**Assignment:**
An exact transcription of the lines from the one holding "Casa a reciclar" to the end of the entries below, and nothing more, is the required answer. Please omit the pictures.
==== Data supplied
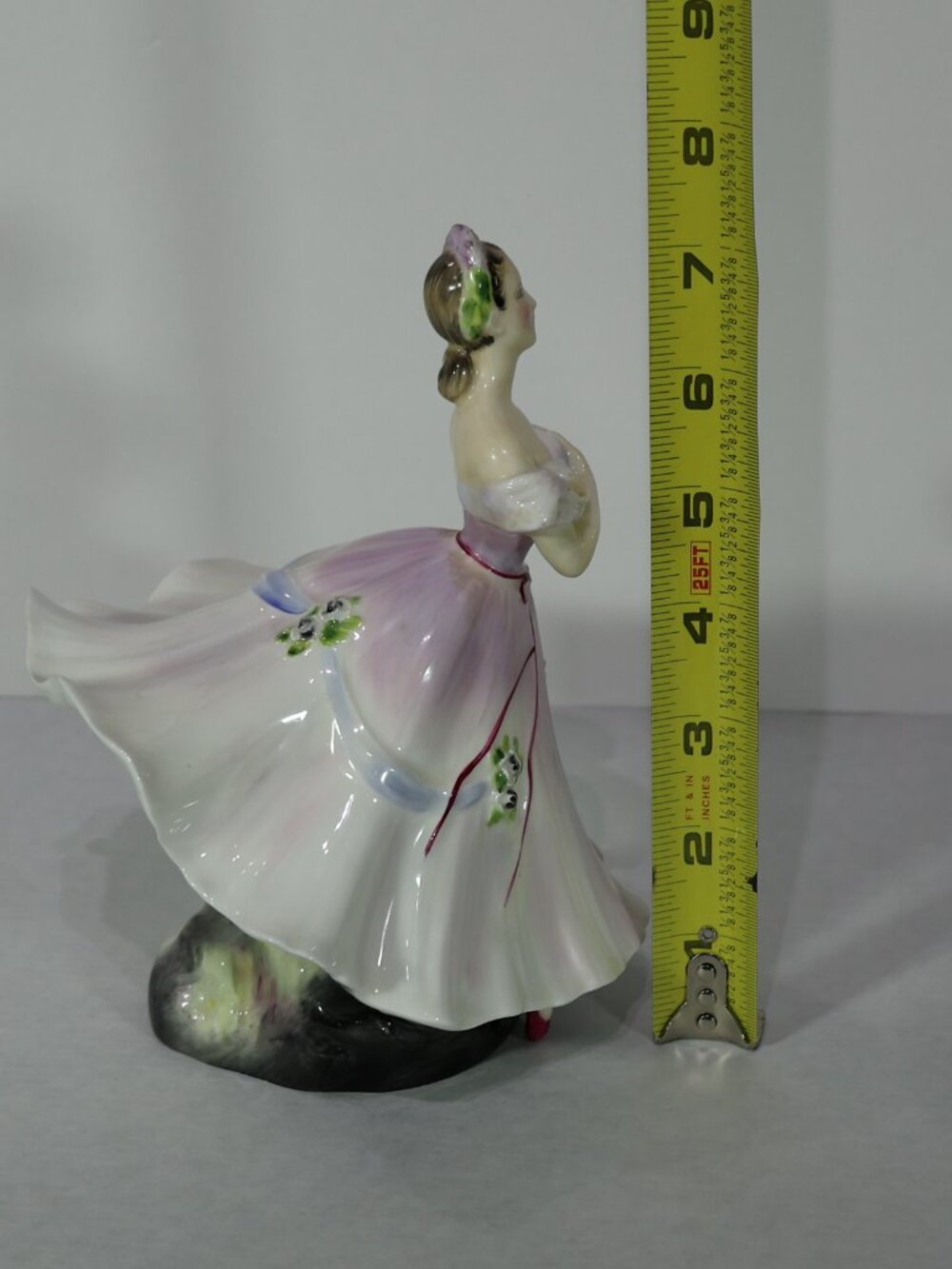 VINTAGE Royal Doulton "The Ballerina" Collectible Figurine Made In England - Picture 3 of 7
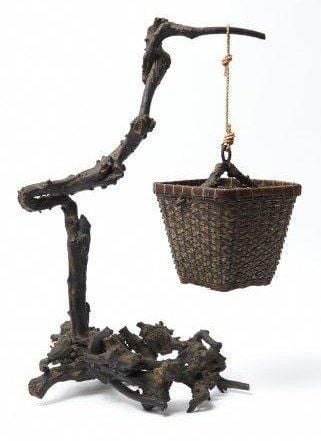 Panier pour arrangement de fleurs ikebana en bambou tressé (karo) de forme carré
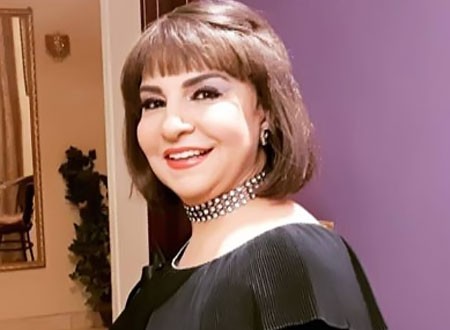 فاطمة الكاشف في لقطة قديمة مع زوجها جمال عبدالناصر.. شاهد
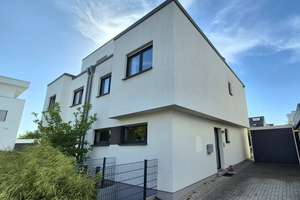 Modernes Einfamilienhaus mit hochwertiger Ausstattung, Wohnkeller und Garage  in attraktiver Lage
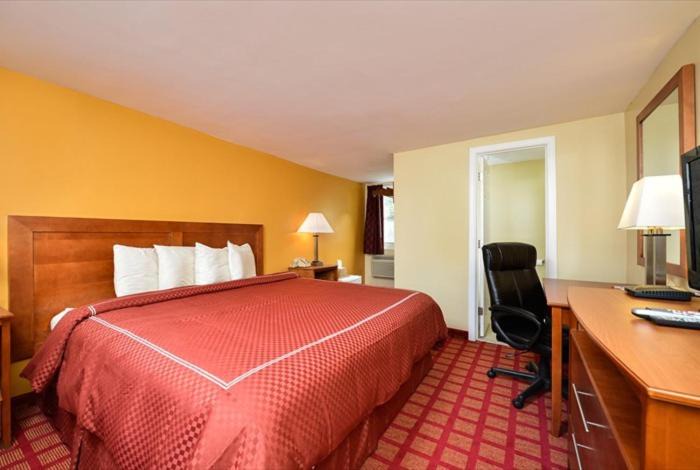 Photo of Bedroom in West Yarmouth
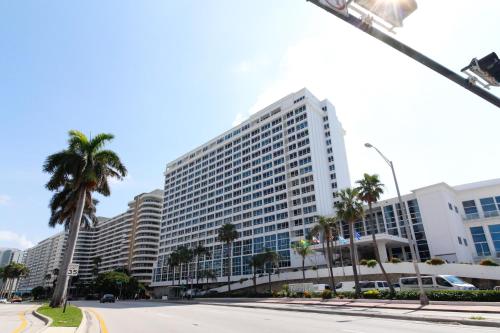 Castle Beach: Flamingo Condo, Miami Beach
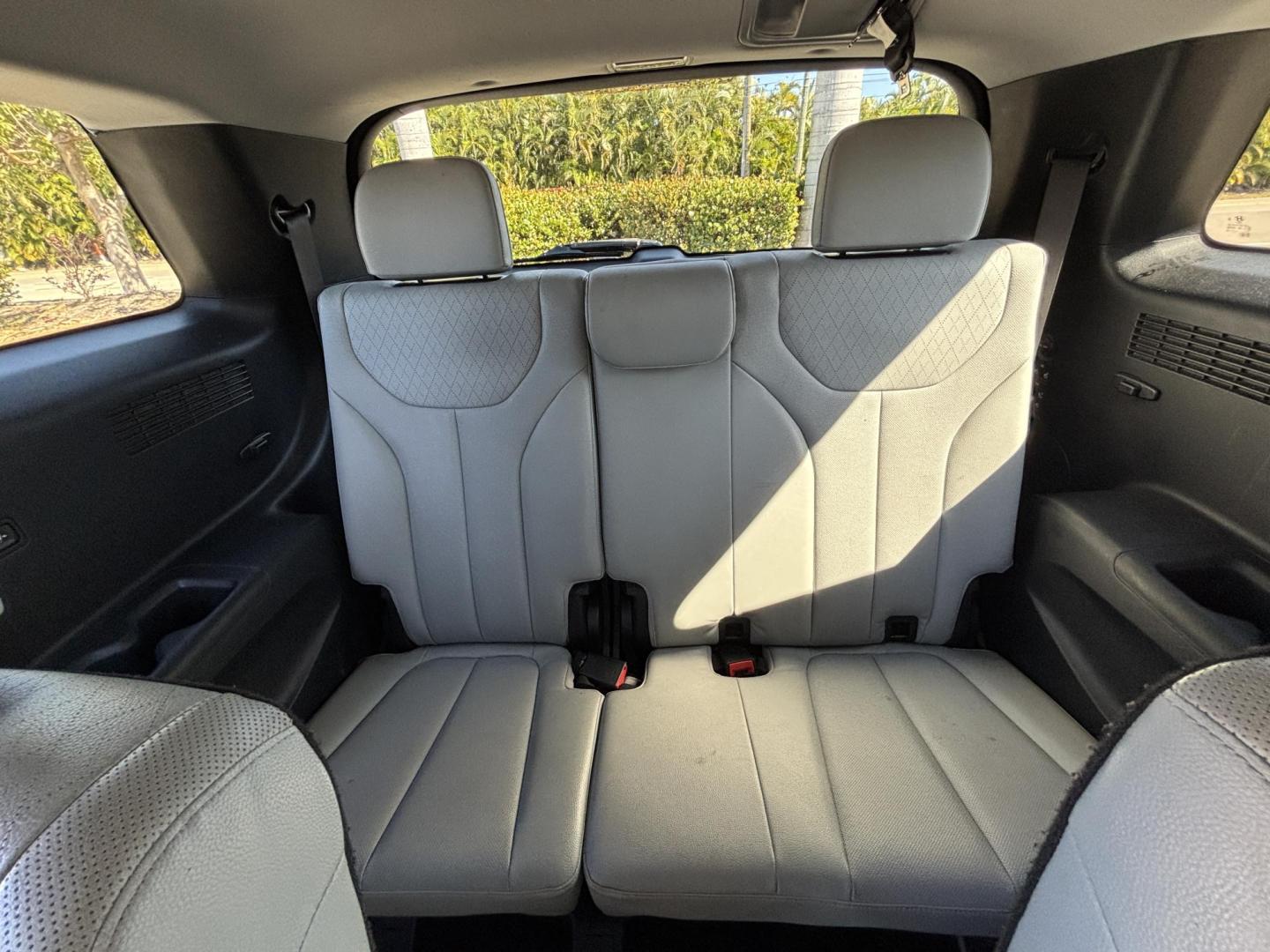 2020 GRAY /GRAY LEATHER Hyundai Palisade SEL AWD (KM8R4DHE8LU) with an 3.8L V6 DOHC 24V engine, 8A transmission, located at 11170 Summerlin Square Dr., Fort Myers Beach, FL, 33931, (239) 999-7777, 26.493546, -81.941628 - Photo#34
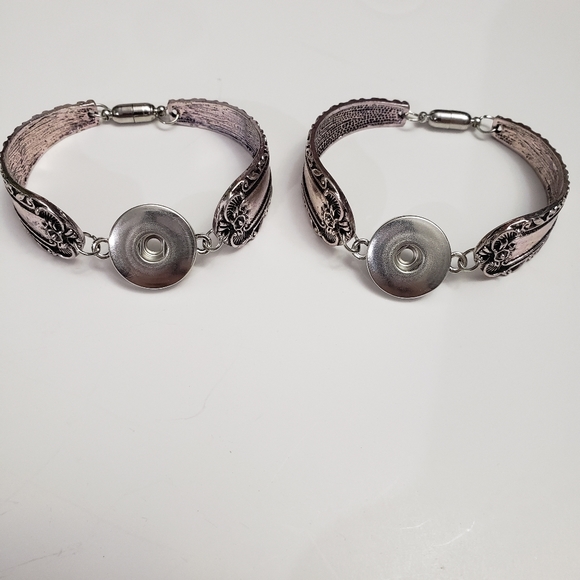 💥5 for $25💥 2 New Snap Bracelets - Picture 7 of 7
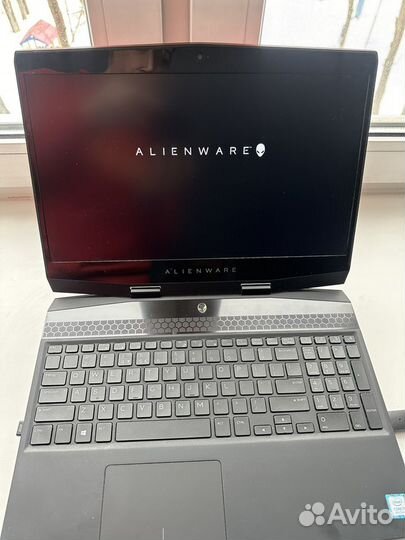 Ноутбук Dell Alienware m15 i7-8750H 2.20GHz, 32GB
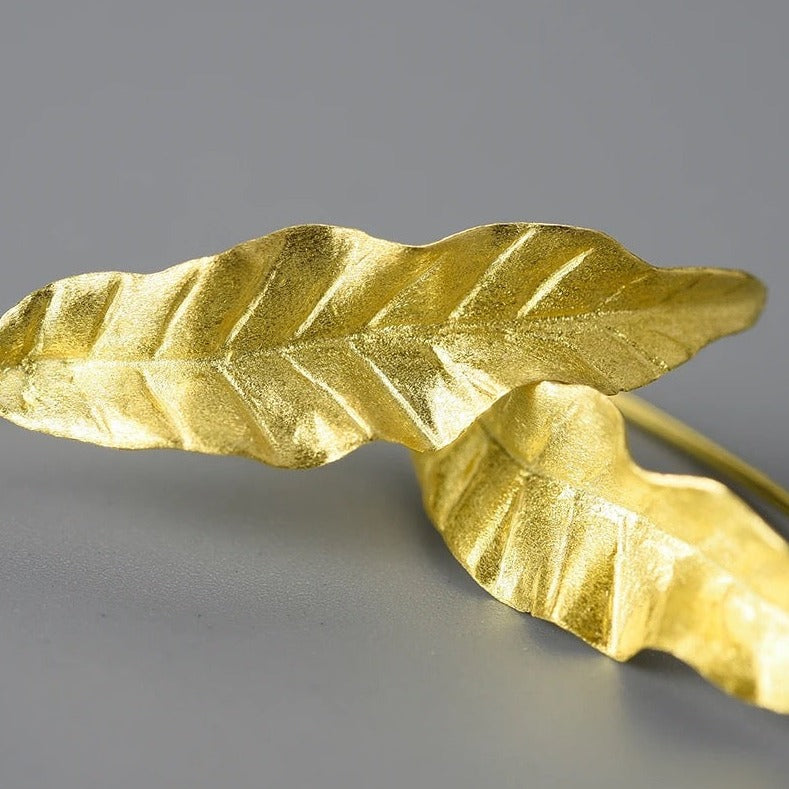 Delicate leaf hanging earrings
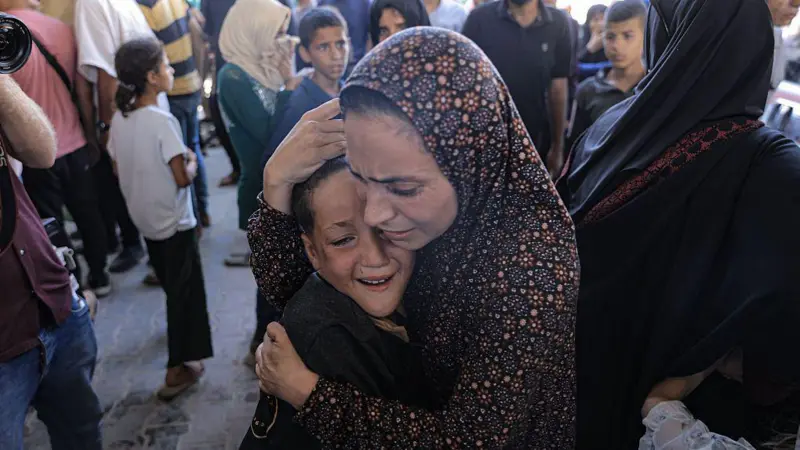 Un contratista de ayuda humanitaria le dice a la BBC que vio a compañeros suyos disparar contra palestinos hambrientos en Gaza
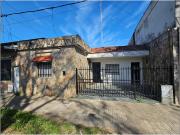 Casa a reciclar de 2 dormitorios con gran terreno....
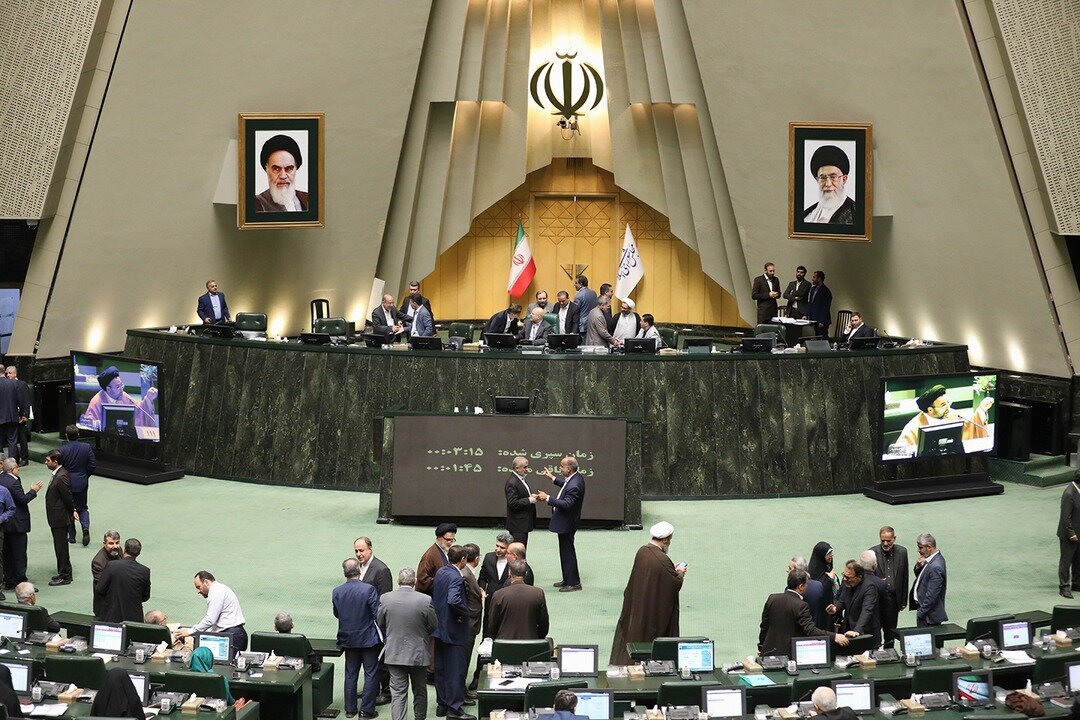 از رد شایعه توافق ایران با تلگرام تا احداث ۸ نیروگاه هسته ای جدید در ایران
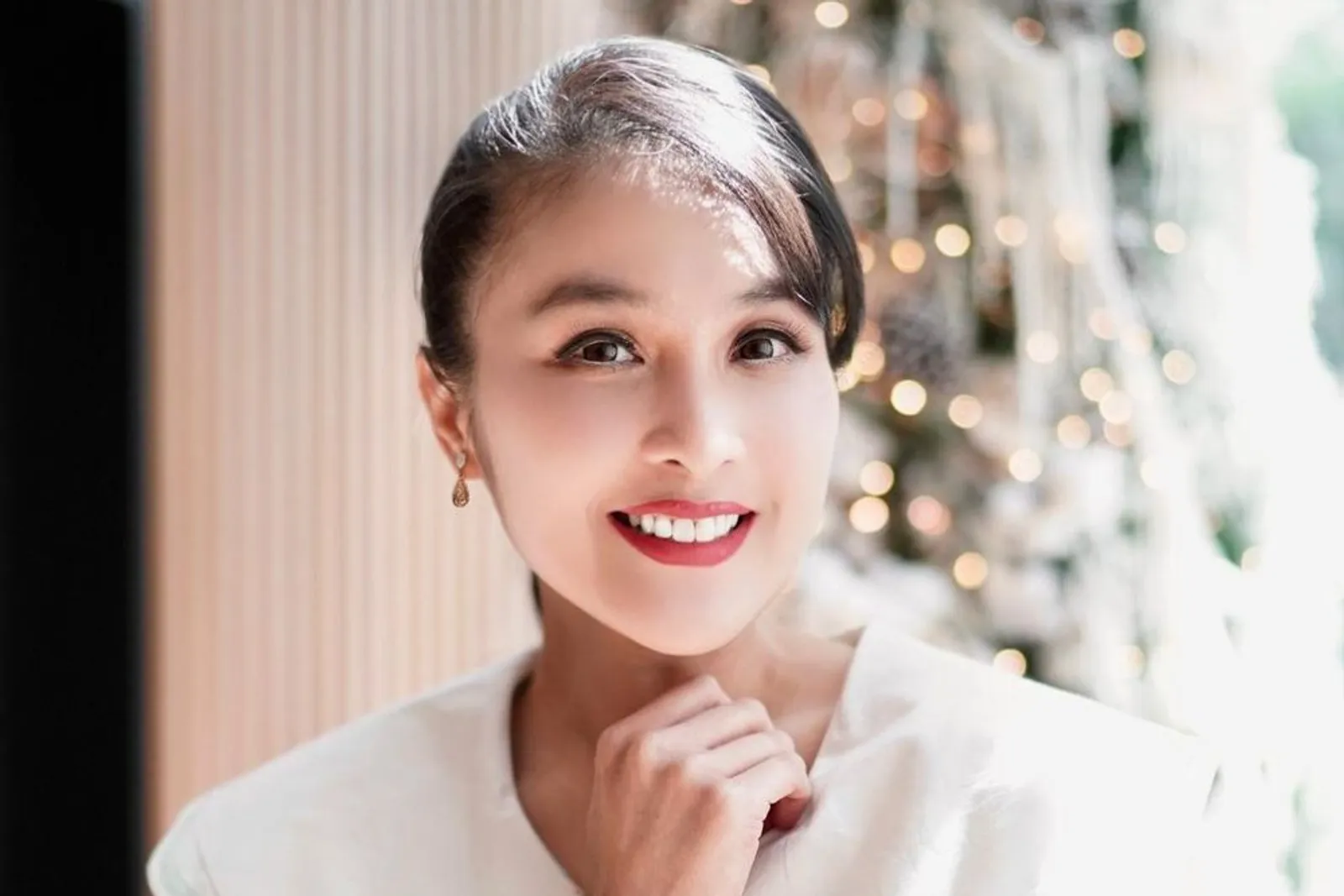Inspirasi Makeup Look untuk Hari Imlek dari Artis Keturunan Tionghoa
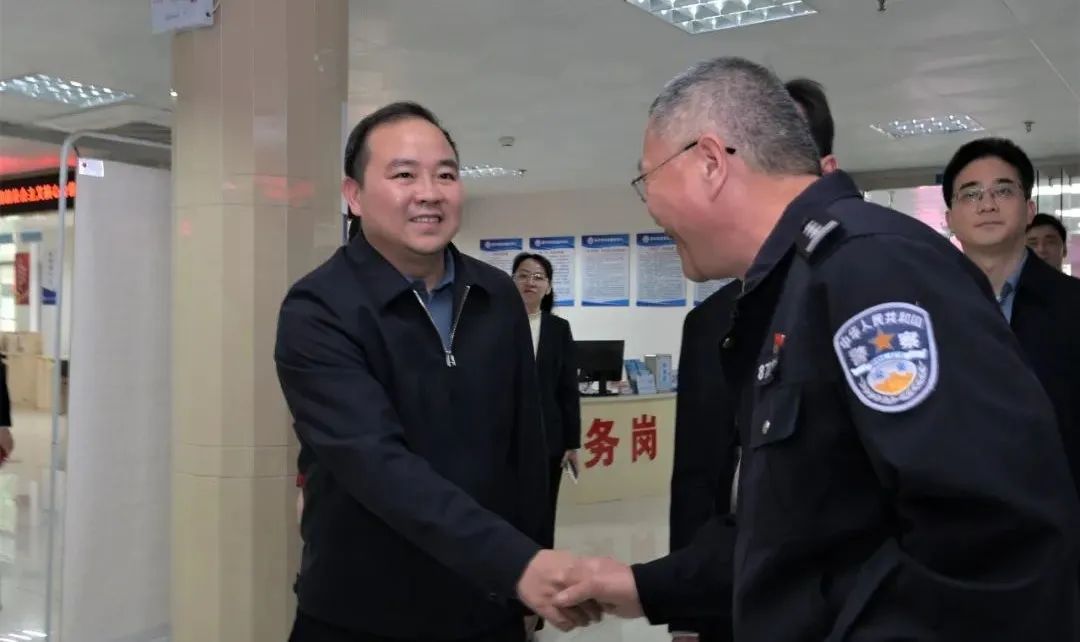 李毓文一行先后前往行政服务中心管委会,华润水泥(漳平)有限公司,漳平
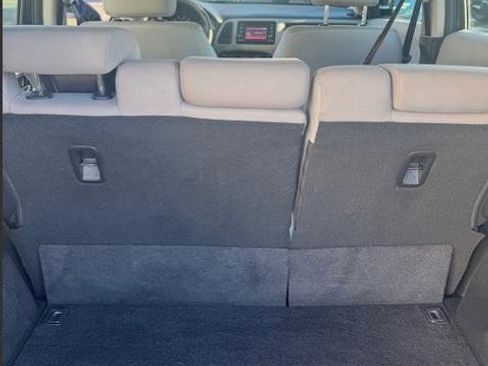 Used 2017 Honda HR-V LX image 11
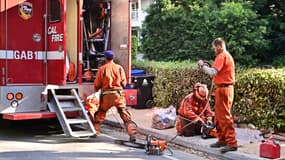 Des pompiers se préparant à intervenir à Los Angeles, le dimanche 12 janvier 2025.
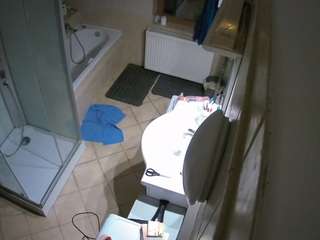 voyeurcam-julmodels-bath-2nd-2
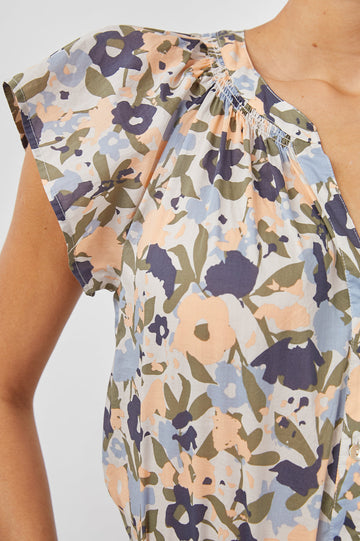 ALENA MOD FLORAL SHORT SLEEVE BLOUSE-DETAIL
========
**Completed task:**
 Casa a reciclar de 2 dormitorios con gran terreno....
 از رد شایعه توافق ایران با تلگرام تا احداث ۸ نیروگاه هسته ای جدید در ایران
Inspirasi Makeup Look untuk Hari Imlek dari Artis Keturunan Tionghoa
 李毓文一行先后前往行政服务中心管委会,华润水泥(漳平)有限公司,漳平
 Used 2017 Honda HR-V LX image 11
 Des pompiers se préparant à intervenir à Los Angeles, le dimanche 12 janvier 2025.
 voyeurcam-julmodels-bath-2nd-2
 ALENA MOD FLORAL SHORT SLEEVE BLOUSE-DETAIL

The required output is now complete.